In the academia, violent cultism soon overshadowed the chivalrous exuberance of what used to be known as student confraternity as might became valorized over right. Outside, philistinism flourished as some palace intellectuals formed a cult around the crafty general who seemed to prefer the ill-fitting apparel of a philosopher-king. Just as the state clamped down on “undue radicals” in the varsity classrooms intent on “teaching what they are not paid to teach.”
At a personal level, IBB was quick at prefacing any commitment in the public with the chant of “Insha Allah”, but his deed later often reflected a willful betrayal of that solemn invocation. He was never in short supply of great fanciful ideas. But lacking personal disciple, whatever he planted with the right hand was soon subverted with the left as cronies were issued blank cheques to plunder such undertakings.

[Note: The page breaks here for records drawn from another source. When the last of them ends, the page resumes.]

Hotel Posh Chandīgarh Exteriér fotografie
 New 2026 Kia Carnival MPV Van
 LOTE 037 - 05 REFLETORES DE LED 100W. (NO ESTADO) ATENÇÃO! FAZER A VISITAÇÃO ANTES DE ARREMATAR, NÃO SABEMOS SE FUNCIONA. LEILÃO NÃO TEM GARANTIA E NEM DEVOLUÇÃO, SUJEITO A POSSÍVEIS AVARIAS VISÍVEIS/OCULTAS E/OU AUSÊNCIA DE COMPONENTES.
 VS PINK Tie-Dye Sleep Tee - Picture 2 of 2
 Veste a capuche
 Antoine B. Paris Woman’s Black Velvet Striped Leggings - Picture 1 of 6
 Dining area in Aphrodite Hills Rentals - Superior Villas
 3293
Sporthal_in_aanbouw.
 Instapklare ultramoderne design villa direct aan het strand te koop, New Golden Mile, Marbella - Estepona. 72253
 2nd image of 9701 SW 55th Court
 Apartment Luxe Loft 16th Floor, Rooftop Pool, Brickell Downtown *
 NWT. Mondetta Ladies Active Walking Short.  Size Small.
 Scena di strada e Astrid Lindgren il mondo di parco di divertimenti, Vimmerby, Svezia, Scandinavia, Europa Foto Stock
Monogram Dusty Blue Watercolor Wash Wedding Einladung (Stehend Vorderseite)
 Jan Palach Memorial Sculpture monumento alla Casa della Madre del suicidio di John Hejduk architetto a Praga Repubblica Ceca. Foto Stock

By the account of now late Pius Okigbo, foremost economist, a staggering $12.8b of the 1990/91 oil windfall could not be accounted for under IBB.
Where the cultural damage inflicted on the nation is perhaps most deep and enduring is politics. In a fevered bid to clone a new generation of actors in his own grotesque image with little or no ethical grounding, the national landscape was soon besieged by monstrous creatures. An affliction that has in turn haunted the nation till date as it became fashionable to play politics without principle, with parties seen merely as a make-shift vehicle to capture without fidelity to any ideology.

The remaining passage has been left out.